* What the exercise asks: Could you set down exactly the lines in the records below between the line holding "Compressor De Ar" and the line holding "Logitech G G733", inclusive?

* Raw data:
++++++++

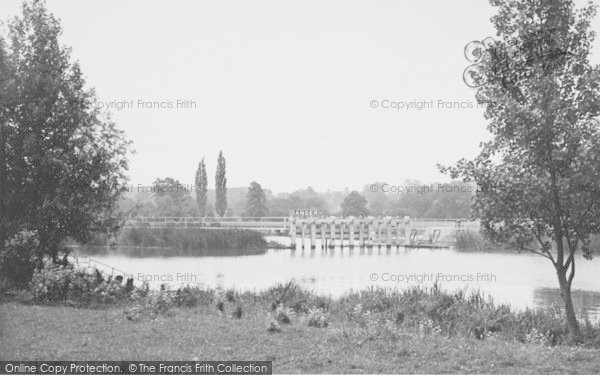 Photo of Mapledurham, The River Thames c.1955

++++++++

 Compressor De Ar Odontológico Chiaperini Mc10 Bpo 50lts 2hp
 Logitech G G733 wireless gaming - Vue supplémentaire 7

++++++++

* Reply to the task:
 Compressor De Ar Odontológico Chiaperini Mc10 Bpo 50lts 2hp
 Logitech G G733 wireless gaming - Vue supplémentaire 7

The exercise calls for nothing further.